Meta a déclaré que les solutions matérielles CXL disponibles dans le commerce ne peuvent pas répondre à cette demande, car les interfaces CXL courantes sur le marché embarquent généralement le contrôleur avec sa propre mémoire, ce qui rend difficile l'insertion de fragments DDR4 retirés de différentes sources.

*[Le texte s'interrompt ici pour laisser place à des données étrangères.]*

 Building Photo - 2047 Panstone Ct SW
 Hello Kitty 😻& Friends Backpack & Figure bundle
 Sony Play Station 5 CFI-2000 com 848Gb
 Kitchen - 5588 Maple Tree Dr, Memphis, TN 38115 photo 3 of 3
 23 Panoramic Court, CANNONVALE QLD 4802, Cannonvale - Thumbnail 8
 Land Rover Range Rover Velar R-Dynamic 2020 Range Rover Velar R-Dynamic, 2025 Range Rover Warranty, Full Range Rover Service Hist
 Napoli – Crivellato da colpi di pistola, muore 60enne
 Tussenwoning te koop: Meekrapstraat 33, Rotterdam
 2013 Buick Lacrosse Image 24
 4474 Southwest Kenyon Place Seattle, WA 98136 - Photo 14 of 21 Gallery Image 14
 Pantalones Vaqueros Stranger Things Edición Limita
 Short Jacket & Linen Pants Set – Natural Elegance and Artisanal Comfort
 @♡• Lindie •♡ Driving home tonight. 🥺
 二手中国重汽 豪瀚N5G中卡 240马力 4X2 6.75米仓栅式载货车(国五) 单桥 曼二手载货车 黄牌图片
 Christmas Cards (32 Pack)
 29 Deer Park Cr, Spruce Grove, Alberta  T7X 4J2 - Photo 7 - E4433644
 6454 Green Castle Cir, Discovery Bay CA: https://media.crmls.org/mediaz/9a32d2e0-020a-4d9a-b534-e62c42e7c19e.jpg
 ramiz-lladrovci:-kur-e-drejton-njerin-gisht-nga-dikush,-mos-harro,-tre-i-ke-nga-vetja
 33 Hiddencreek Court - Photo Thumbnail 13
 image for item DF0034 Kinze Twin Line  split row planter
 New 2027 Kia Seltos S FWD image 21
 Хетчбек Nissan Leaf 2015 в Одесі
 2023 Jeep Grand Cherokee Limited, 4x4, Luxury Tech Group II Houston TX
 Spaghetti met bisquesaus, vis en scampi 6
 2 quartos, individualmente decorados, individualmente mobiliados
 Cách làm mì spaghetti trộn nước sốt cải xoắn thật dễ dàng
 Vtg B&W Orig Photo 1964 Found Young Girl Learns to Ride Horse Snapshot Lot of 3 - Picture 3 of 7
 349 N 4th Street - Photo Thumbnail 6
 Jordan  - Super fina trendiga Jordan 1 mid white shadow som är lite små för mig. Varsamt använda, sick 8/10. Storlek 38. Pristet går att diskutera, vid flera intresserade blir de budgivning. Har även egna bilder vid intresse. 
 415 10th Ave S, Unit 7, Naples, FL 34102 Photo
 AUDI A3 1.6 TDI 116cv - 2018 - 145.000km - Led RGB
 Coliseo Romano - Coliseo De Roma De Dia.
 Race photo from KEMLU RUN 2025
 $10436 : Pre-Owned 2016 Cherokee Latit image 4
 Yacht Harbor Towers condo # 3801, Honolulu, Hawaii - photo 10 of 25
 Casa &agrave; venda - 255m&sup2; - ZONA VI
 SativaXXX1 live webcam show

La conception de Vistara découple délibérément le contrôleur de la mémoire, permettant au contrôleur d'exister indépendamment, permettant à Meta d'insérer des ressources de mémoire DDR4 existantes selon les besoins pour obtenir une architecture de réutilisation de la mémoire très flexible.
Au niveau de l'échelle, Meta prévoit de déployer cette nouvelle architecture dans son infrastructure hyperscale composée de millions de serveurs, en particulier les centres de données qui soutiennent son activité d'intelligence artificielle. Alors que l'entreprise continue d'investir dans des domaines tels que l'IA générative, y compris le déploiement généralisé de nouveaux modèles dotés de capacités d'inférence et multimodales tels que Muse Spark, les besoins en mémoire et en puissance de calcul de ces centres de données d'IA continuent de croître. En réutilisant la mémoire DDR4, on s’attend à ce qu’elle améliore l’efficacité globale tout en garantissant les performances.
Il convient de noter que Meta ne s'appuiera pas entièrement sur la mémoire « récupérée », et que la DDR5 et d'autres matériels nouvellement achetés joueront toujours un rôle important dans son infrastructure. Cependant, dans les scénarios de centres de données à très grande échelle, même l'utilisation de modules de mémoire DDR4 réutilisés pour une partie de la charge de travail suffit à générer des économies considérables sur les opérations à long terme et à réduire le gaspillage de ressources causé par la mise au rebut du matériel.